Koh Rong is Cambodia’s island escape, and it still has the rough edges that make it feel like a discovery rather than a resort. The main beach — Long Set, also called Long Beach — is four kilometres of white sand backed by jungle, with beach bars that range from bamboo shacks to something approaching comfort. Development is coming, you can see it in the half-built concrete at the edges, but for now the island retains its castaway character. I arrived on the morning ferry from Sihanoukville, stepped off the boat onto a wooden pier, and within ten minutes had my feet in sand so white it looked artificial. It is not.
We hiked across the island through dense jungle to Lonely Beach, where we were entirely alone for an afternoon. The trail is unmarked in places, the jungle thick enough that the canopy blocks the sky, and the heat inside the tree cover is a physical thing — a wall of humidity that makes every step feel earned. When the trees open and the beach appears — a crescent of white sand, turquoise water, no one — the relief is total.
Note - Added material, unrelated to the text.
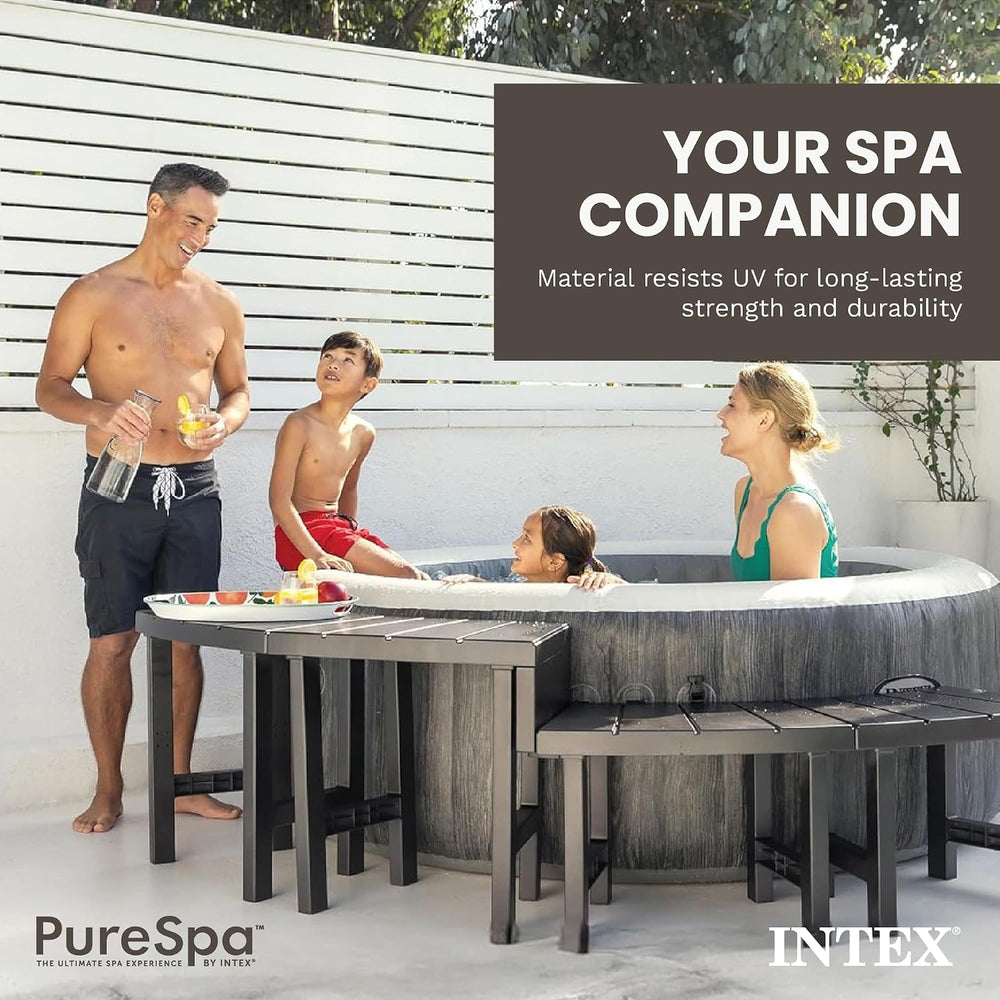 Intex PureSpa Bench Set for 4 Person Round Hot Tub Spas with 77in Diameter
We swam, ate the mangoes we had carried, and watched hermit crabs negotiate the tide line with an urgency that seemed comic against the stillness of everything else.
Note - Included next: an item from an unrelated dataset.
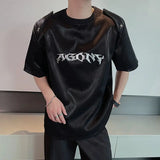 Riolio Summer High Street Men and Women Trendy Personalized Letter Printed Round Neck Short Sleeve Couple Harajuku Casual T-shirt Top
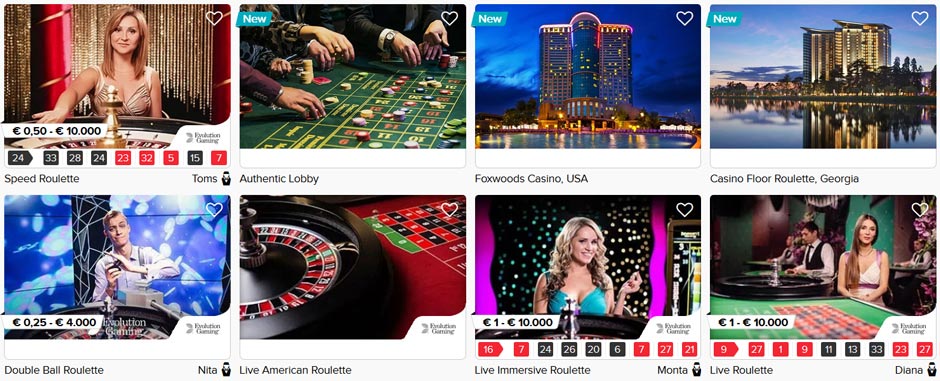 CasinoEuro Live Roulette Selection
The snorkelling off the quieter southern bays revealed healthy coral and curious fish — parrotfish, clownfish, the occasional barracuda holding motionless in the current like a silver blade. The reef is not Maldives-grade, but it is alive and accessible and free of the crowds that have ruined snorkelling in much of Thailand. We rented masks from a shack on the beach and swam out from shore, no boat required, and spent two hours drifting over coral gardens that started in waist-deep water.
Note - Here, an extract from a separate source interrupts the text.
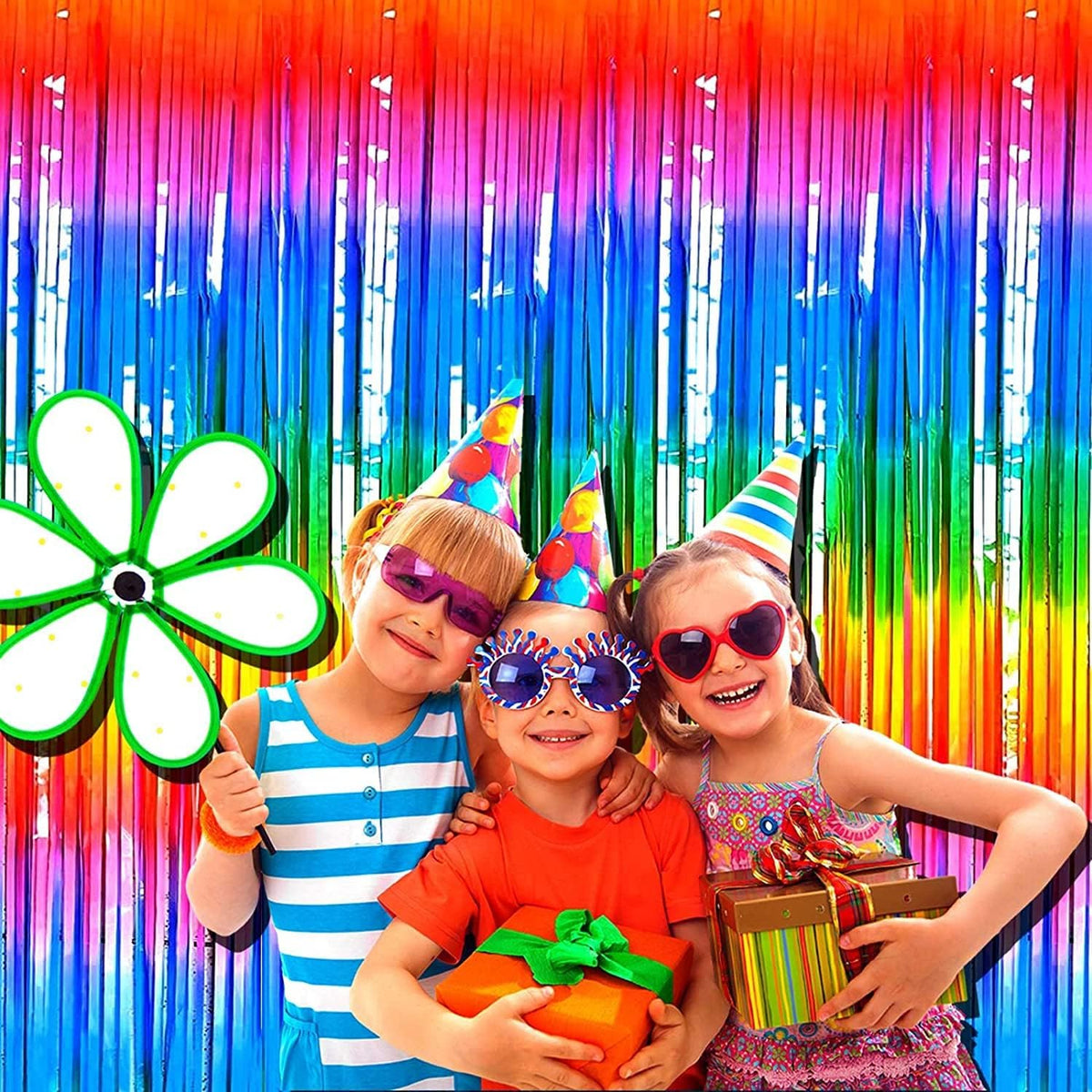 4 Pack Rainbow Tinsel Foil Fringe Curtain Backdrop, 3.28Ft x 8.2Ft Colorful Metallic Streamers for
But the headline experience is the bioluminescence. On moonless nights, the plankton in the shallows light up electric blue with every movement, and swimming through them is genuinely otherworldly. I waded in up to my chest and moved my arms slowly, and the water erupted in constellations around my fingers. Each stroke left a trail of blue light that faded over seconds. I have never experienced anything like it, and I say that as someone who has chased northern lights and swum with whale sharks. This was more intimate, more strange, more like being inside a phenomenon rather than observing one. Koh Rong Sanloem, the smaller sister island, offers a quieter alternative with better-maintained beaches and a dive school that takes you to sites most visitors never reach.

When to go: November to May is dry season. December to February is peak but manageable. Avoid September and October when rough seas can cancel ferries. Bioluminescence is best on dark, moonless nights.